Books

Trying to make amends

In Chigozie Obioma’s new novel, forgiveness is no light matter.

Chigozie Obioma’s novel is at its core a tale of star-crossed romance, of one man’s subjection to a spiral of injustices encountered in his fight for the woman he can’t live without. But the account of Chinon­so Solomon Olisa’s misfortunes is more than an ill-fated love story: it offers an exploration of natures both human and divine.

Chinonso’s tale is delivered by his chi—his attending spirit, simultaneously an invisible companion and an inherent part of himself. The chi has come before Chukwu, the creator, to explain and defend his host’s actions. The account begins by describing how Chinonso met Ndali, the woman who has inspired his endeavors. Only a long while after preventing Ndali, a stranger, from throwing herself from a bridge does Chinonso meet her again by chance. They come quickly to know and love each other. But Ndali’s wealthy family objects to her relationship with this uneducated poultry farmer and spares no means of humiliation in attempting to end it. Chinonso continues to try to prove his worthiness, allowing a childhood classmate to arrange for him to attend college in Cyprus. The criminal indignities he endures there, and later on his long quest to return to Ndali, bring to the story reflections on suffering, injustice, guilt, ven­geance, and the order of the cosmos.

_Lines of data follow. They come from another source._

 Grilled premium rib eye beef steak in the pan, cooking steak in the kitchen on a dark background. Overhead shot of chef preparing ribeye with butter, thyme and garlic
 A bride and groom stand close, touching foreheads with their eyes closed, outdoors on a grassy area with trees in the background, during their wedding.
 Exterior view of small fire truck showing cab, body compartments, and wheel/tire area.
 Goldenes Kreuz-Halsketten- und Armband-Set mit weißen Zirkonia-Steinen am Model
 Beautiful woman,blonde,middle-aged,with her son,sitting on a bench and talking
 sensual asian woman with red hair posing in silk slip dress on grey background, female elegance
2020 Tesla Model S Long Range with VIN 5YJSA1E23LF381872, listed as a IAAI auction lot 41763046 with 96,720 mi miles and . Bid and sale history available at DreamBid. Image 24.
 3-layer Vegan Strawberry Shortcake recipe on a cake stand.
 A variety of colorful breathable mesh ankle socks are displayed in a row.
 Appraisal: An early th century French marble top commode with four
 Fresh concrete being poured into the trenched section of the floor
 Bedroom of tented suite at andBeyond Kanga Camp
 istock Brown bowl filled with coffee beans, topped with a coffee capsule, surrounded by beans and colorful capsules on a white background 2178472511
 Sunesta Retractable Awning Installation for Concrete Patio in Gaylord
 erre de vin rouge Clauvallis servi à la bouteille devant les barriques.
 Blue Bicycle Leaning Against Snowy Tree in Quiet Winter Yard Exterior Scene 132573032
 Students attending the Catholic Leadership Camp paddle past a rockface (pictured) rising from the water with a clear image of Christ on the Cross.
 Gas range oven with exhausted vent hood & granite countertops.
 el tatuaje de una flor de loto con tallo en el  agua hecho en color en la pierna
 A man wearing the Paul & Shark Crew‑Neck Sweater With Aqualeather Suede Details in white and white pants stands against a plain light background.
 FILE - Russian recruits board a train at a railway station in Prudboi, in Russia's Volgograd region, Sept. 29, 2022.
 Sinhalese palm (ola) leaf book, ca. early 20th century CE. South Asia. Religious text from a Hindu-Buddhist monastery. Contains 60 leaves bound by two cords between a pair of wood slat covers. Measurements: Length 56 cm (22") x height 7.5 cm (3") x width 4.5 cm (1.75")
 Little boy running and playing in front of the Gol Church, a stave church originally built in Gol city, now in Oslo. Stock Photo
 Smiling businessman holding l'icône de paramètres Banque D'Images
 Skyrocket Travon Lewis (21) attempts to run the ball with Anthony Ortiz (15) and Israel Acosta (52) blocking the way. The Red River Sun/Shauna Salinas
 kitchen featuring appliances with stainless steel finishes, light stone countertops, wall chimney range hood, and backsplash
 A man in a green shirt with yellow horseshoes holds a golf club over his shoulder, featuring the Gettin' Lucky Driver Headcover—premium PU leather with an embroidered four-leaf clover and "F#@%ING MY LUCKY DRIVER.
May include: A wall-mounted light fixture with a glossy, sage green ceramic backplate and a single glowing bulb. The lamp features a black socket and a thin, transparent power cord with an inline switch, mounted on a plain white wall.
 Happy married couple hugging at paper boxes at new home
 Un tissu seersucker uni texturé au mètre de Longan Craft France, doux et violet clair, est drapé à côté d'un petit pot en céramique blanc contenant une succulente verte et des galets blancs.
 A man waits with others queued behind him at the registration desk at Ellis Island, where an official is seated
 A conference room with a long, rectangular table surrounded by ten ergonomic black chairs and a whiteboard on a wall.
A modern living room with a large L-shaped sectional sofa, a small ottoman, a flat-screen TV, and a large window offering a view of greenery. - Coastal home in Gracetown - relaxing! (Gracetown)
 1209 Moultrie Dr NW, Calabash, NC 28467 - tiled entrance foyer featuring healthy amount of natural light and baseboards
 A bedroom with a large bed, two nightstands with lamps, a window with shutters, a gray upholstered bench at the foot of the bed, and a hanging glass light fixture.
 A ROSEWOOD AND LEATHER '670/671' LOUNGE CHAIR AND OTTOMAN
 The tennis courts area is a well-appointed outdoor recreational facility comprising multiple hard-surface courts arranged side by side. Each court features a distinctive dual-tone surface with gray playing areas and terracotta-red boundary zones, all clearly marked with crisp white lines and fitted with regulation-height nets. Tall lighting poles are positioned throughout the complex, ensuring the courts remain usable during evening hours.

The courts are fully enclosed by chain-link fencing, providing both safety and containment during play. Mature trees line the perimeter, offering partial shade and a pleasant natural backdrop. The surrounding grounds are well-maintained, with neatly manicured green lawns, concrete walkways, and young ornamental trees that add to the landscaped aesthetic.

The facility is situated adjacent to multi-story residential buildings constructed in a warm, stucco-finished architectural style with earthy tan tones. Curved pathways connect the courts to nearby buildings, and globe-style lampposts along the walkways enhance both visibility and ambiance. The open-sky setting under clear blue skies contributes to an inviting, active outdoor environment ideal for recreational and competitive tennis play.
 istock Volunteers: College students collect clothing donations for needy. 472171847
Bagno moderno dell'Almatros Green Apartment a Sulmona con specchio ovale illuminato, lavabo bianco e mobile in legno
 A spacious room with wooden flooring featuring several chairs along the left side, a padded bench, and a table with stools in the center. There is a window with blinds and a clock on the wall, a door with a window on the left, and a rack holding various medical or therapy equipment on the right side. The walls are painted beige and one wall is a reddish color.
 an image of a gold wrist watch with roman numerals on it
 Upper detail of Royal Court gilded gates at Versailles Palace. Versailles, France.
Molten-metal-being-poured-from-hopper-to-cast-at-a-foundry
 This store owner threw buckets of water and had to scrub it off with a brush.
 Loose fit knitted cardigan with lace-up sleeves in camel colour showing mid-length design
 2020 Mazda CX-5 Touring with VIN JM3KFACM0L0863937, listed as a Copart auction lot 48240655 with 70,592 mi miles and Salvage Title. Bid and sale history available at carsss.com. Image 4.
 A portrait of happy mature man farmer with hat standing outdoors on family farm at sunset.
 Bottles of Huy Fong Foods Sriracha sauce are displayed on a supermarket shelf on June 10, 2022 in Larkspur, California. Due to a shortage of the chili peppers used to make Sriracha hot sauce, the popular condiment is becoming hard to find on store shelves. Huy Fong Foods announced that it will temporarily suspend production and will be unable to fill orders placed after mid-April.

These reflections come courtesy of Chinonso’s chi, whose observations, de­livered in the court of the gods, often feel as if they come straight out of the simile and metaphor of wisdom literature or ancient mythology. “The peace that concrete hope brings,” he pronounces, “is the unseen hand that lifts a man off a cliff over a pit of fire and returns him to the road from which he has veered. It is the rope that pulls a drowning man out of the deep sea and hauls him onto the deck of a boat to the breath of fresh air.” The particularities of Chinonso’s case inspire the chi to reflect upon the nature of humans and the structure of the universe, knowledge that has been gleaned from centuries’ worth of lives lived along with his various hosts. It’s less the content of these speculations that’s intriguing than what they reveal about the chi: that he doesn’t necessarily possess any more knowledge, insight, or common sense than his host and that he’s had to learn what life is about in the process of living it. Neither omnipotent nor all-knowing, with only limited capabilities for suasion and action, even after all he has seen, Chinonso’s chi still encounters things that puzzle and astound him.